• **TASK DIRECTIONS**
From the listing below, reproduce word for word the part that opens with the line containing "Midea 28L Grill" and closes with the line containing "2/2013: Üpptäck Neapelbukten!"; reproduce nothing else.

━━ DATA FOR THIS EXERCISE

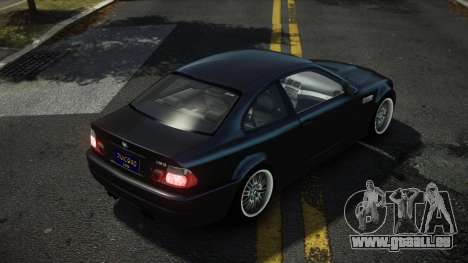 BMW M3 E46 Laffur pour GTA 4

━━━━
━━ DATA FOR THIS EXERCISE

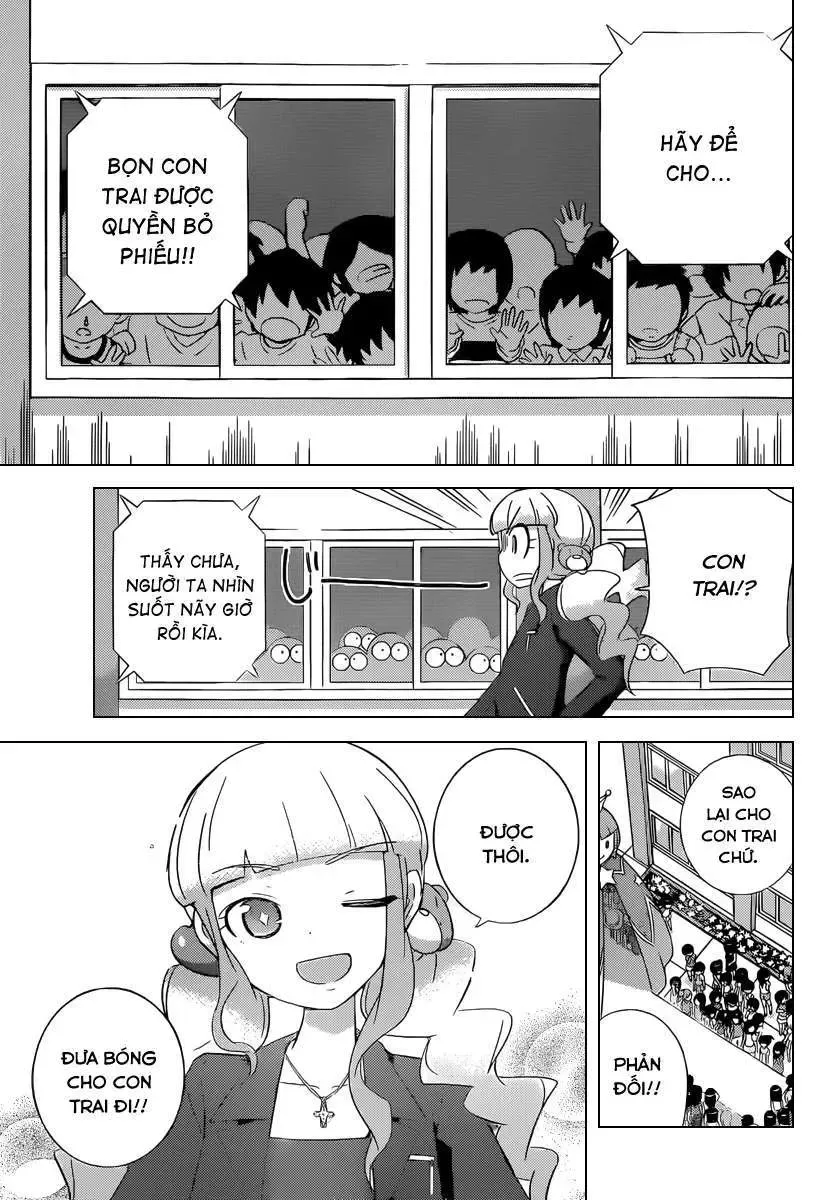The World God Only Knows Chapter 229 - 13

━━━━
━━ DATA FOR THIS EXERCISE

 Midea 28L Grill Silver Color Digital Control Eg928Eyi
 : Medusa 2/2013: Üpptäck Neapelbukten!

━━━━

• **WRITTEN REPLY**
 Midea 28L Grill Silver Color Digital Control Eg928Eyi
 : Medusa 2/2013: Üpptäck Neapelbukten!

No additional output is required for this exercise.